### DATASET EXCERPT ###
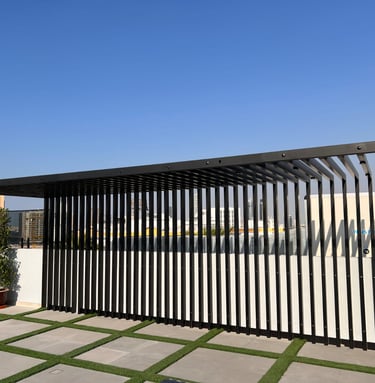 Custom-built rooftop sunshade structure and pergola for outdoor terrace lounge.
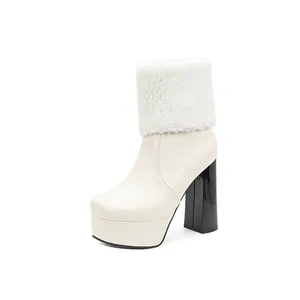 Side view of cream platform ankle boot with faux fur cuff and black block heel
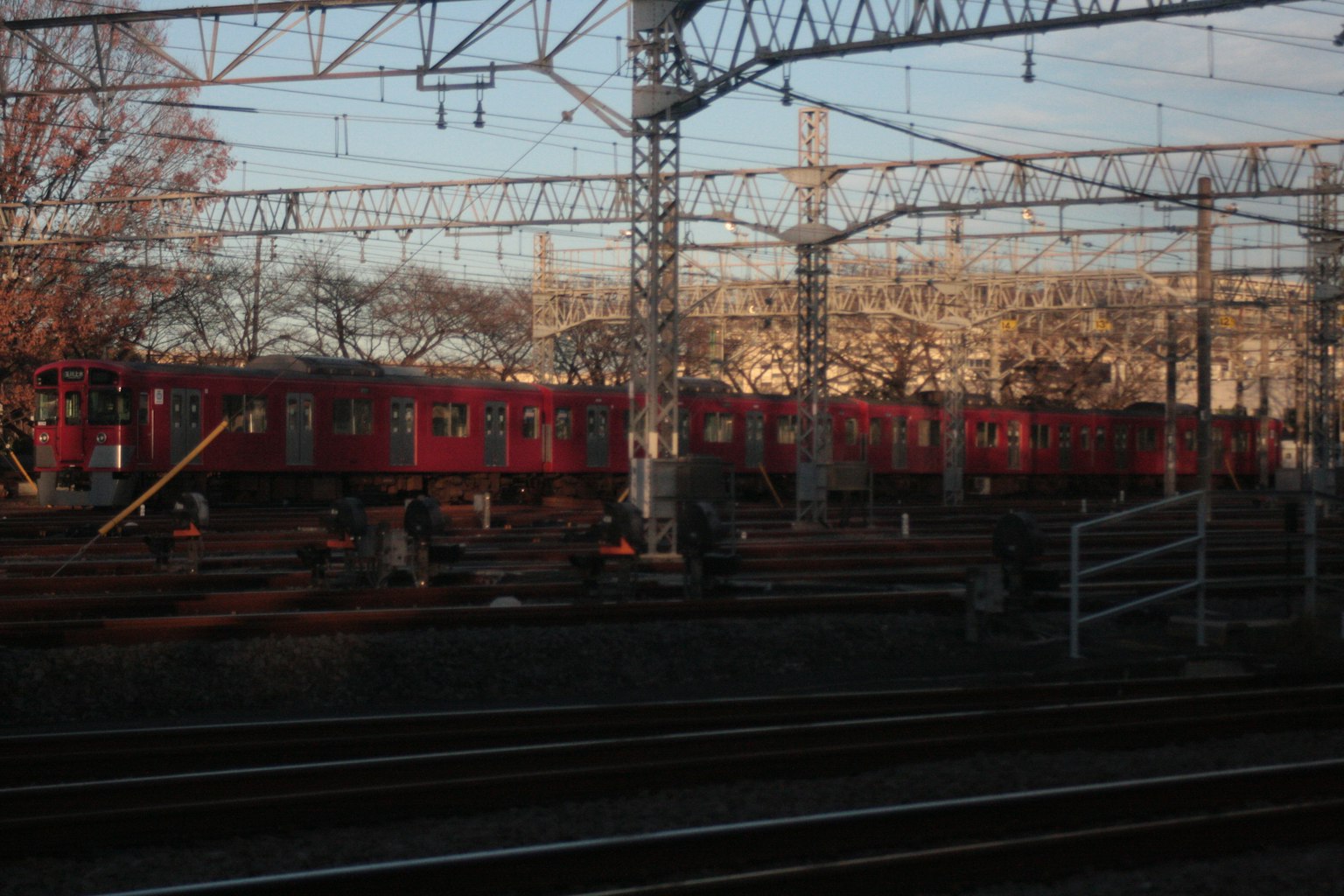 Red train parked on tracks in a railway yard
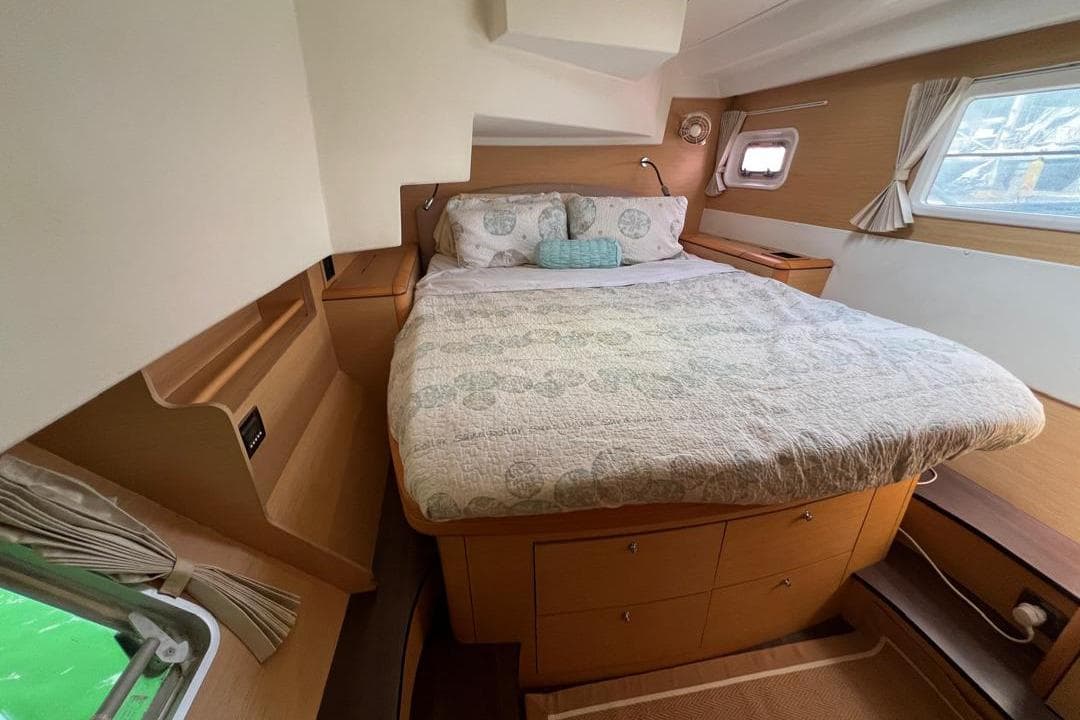 Cozy bedroom interior of 2012 Lagoon 500 yacht with double bed and wooden cabinetry.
###
→ **EXERCISE**
Print the whole listing again exactly, please. No pictures.

→ **ANSWER FOR THE TASK**
 Custom-built rooftop sunshade structure and pergola for outdoor terrace lounge.
 Side view of cream platform ankle boot with faux fur cuff and black block heel
 Red train parked on tracks in a railway yard
 Cozy bedroom interior of 2012 Lagoon 500 yacht with double bed and wooden cabinetry.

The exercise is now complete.